> DATA UNDER STUDY
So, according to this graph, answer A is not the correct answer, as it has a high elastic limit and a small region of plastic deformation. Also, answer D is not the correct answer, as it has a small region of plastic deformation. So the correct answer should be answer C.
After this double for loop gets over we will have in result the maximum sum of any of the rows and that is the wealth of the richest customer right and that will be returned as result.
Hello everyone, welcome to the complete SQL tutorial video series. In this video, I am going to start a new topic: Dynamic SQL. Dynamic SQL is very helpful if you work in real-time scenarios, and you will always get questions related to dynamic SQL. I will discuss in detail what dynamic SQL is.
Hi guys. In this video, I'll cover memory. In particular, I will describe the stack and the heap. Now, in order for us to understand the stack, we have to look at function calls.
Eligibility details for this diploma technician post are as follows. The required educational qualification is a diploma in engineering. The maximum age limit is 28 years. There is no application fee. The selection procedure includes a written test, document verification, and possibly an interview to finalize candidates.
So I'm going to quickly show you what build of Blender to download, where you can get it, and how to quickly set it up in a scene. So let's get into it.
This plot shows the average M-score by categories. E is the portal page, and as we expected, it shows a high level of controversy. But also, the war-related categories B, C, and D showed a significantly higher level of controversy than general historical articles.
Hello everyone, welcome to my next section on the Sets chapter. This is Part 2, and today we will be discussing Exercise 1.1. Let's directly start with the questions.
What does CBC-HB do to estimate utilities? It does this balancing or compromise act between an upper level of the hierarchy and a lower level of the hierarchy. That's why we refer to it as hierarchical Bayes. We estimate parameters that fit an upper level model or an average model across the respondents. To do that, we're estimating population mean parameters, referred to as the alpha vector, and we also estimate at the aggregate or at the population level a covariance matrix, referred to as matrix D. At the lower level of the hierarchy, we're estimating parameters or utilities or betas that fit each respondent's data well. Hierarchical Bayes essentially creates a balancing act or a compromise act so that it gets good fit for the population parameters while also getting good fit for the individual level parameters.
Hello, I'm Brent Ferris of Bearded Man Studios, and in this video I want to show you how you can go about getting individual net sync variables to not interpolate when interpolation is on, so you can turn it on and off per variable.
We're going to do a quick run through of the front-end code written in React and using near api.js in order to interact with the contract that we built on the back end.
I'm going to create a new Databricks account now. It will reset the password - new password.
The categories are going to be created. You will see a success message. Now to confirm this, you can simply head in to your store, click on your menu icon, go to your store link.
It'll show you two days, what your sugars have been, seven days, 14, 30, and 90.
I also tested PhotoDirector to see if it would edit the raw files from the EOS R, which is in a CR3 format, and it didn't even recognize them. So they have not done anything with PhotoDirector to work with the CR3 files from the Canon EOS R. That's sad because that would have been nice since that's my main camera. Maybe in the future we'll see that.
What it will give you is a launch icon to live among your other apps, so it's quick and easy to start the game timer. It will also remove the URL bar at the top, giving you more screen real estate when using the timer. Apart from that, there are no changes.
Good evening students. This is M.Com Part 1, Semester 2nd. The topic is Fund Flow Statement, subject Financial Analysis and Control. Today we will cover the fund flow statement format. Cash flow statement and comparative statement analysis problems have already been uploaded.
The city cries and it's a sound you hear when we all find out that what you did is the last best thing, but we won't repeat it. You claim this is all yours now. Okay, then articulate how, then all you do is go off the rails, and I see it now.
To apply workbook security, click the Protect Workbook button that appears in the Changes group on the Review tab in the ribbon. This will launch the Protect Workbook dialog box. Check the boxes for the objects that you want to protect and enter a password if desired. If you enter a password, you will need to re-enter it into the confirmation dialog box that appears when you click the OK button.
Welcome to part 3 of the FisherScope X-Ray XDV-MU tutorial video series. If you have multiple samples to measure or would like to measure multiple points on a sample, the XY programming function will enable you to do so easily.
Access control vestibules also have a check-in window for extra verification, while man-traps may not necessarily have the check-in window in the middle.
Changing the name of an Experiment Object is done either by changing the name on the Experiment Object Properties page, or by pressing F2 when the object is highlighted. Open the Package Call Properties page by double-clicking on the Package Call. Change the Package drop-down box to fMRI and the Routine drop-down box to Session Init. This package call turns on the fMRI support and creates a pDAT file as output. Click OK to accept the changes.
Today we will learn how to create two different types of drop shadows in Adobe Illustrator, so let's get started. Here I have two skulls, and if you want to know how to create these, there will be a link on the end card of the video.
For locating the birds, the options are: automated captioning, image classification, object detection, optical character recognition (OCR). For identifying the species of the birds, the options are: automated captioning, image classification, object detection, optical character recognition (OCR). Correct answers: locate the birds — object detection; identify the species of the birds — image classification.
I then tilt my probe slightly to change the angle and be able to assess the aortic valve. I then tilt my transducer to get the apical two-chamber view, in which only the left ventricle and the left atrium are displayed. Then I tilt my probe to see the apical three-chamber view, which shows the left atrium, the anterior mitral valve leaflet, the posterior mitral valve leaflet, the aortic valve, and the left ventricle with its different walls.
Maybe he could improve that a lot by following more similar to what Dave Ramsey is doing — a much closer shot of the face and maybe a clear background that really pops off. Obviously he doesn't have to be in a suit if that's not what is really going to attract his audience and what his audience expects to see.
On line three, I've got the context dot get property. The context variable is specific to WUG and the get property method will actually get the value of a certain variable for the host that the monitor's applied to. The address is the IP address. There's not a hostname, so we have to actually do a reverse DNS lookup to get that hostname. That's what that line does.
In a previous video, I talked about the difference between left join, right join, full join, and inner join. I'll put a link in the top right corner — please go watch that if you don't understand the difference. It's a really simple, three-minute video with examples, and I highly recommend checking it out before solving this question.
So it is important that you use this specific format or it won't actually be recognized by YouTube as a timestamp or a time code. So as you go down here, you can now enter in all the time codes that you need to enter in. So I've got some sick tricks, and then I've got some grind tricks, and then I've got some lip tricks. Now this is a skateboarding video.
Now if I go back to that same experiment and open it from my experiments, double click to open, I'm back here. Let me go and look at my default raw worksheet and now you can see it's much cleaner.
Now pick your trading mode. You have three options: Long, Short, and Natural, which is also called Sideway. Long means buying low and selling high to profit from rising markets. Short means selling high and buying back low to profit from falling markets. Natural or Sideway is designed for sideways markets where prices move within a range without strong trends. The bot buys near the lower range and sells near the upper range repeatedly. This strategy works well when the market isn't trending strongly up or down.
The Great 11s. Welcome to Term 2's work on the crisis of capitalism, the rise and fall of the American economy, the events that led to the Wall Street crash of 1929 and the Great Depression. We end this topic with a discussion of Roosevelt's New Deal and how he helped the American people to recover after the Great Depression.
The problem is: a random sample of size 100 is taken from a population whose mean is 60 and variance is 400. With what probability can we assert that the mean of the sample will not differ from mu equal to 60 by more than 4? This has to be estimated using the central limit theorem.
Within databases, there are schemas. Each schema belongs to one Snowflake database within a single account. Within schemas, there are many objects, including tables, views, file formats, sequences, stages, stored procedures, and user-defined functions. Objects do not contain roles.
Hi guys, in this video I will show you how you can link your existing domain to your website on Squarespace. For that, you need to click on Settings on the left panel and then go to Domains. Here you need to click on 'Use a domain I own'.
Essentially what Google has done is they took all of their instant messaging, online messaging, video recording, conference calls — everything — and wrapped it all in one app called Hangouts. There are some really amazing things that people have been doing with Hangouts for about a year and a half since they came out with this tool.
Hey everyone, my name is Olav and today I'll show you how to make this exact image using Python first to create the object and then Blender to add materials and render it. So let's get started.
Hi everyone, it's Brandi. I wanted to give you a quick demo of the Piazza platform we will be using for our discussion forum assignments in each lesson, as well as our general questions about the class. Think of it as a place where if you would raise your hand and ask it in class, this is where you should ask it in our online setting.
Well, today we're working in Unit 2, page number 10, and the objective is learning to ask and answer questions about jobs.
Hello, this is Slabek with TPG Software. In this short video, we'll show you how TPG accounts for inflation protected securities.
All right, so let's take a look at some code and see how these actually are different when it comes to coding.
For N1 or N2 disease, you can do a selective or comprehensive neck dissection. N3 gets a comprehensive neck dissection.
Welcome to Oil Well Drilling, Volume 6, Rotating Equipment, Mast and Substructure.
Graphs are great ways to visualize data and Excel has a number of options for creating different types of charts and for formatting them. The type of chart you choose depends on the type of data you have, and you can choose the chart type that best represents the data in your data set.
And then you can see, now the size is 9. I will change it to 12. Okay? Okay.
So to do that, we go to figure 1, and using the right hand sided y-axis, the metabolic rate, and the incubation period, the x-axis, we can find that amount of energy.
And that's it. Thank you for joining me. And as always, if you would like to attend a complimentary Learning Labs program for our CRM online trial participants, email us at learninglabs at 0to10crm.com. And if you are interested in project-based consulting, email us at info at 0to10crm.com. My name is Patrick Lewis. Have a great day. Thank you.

> WHAT IS EXPECTED
Of all the entries above, retype exactly the lines from the line with "This plot shows" to the line with "Hello everyone, welcome to my", both included, and no others.

> ANSWER TO THE EXERCISE
This plot shows the average M-score by categories. E is the portal page, and as we expected, it shows a high level of controversy. But also, the war-related categories B, C, and D showed a significantly higher level of controversy than general historical articles.
Hello everyone, welcome to my next section on the Sets chapter. This is Part 2, and today we will be discussing Exercise 1.1. Let's directly start with the questions.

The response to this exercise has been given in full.